Dear Multitasker,
If you're going to juggle, I recommend that you start with something small—like potatoes! Drop one of 'em and you've got mashed taters for dinner. Drop your studies or a relationship, and someone's bound to lose a little skin.
Jokes aside, many of us have struggled with this dilemma. Grades are important but so are your relationships. Finding time for a significant other while staying on top of school work is hard, no matter which way you slice it.
Before getting serious with someone, ask yourself, "Is that romance in the air…or just the sweet smell of french fries?" It's important to gauge your interest in the other person, before making too many lifestyle changes. Is this relationship founded on love and mutual respect, or on a craving for companionchip? If you find that you desire the relationship more than you are devoted to it, you're probably better off focusing on your schoolwork. But if you've been going steady and you're willing to poutine the effort, a relationship can be tüber rewarding.
While juggling a boyfriend and books is not as easy as juggling taters, try these tips to make it just as much fun!
Make a schedule.

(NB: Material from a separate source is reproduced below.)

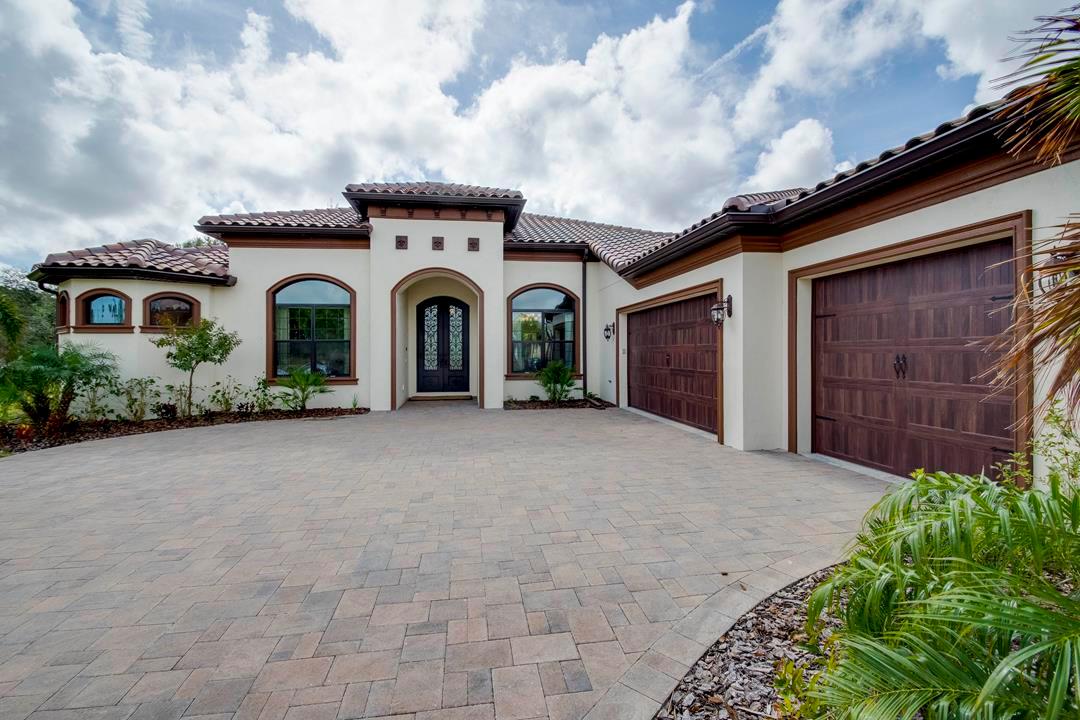 casa en A&E Custom Homes por A&E Custom Homes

It's a lot easier to organize your time when you have a clear plan. Sync your Google calendars, but be realistic about how much time you can spend together. It's helpful to know one another's agenda so that you don't text your boyfriend during class or stop by his room when he's interning at the lab. Remember to leave room in your schedule for movie nights with friends or your favorite yoga class.
Prioritize. Schoolwork will sometimes get in the way of your relationship. If you aren't flexible, this can be really stressful. Despite your best efforts to plan ahead, things happen. When unexpected assignments pop up or deadlines change, try studying together and interspersing work time with relationship time! Ultimately, you came to Columbia for an education and in the battle of books vs. boyfriends, books have to win!
Communicate. You will inevitably experience frustration with your workload, and that stress can create tension in your relationship. Remember that you can't solve a problem if you don't communicate with your partner. When you are feeling overwhelmed, let your boyfriend know. Instead of pushing him away or acting cold toward him emotionally, ask him to support you—this will make him feel comfortable doing the same. Remember that the best support is subtle or "invisible." Giving help behind the scenes will boost your partner's mood without making him feel indebted to you.
Be inventive. A date doesn't have to be elaborate or expensive. Some of the best and most memorable dates are simple. Spice up dining hall meals together by taking them to go for a picnic in Riverside Park. Add some flavor to your study routine by getting off campus and trying a new coffee shop or café together!
Using a little creativity and forethought, it's completely possible to have a successful relationship without feeling like you're wedged between spending time together and spending time on your studies.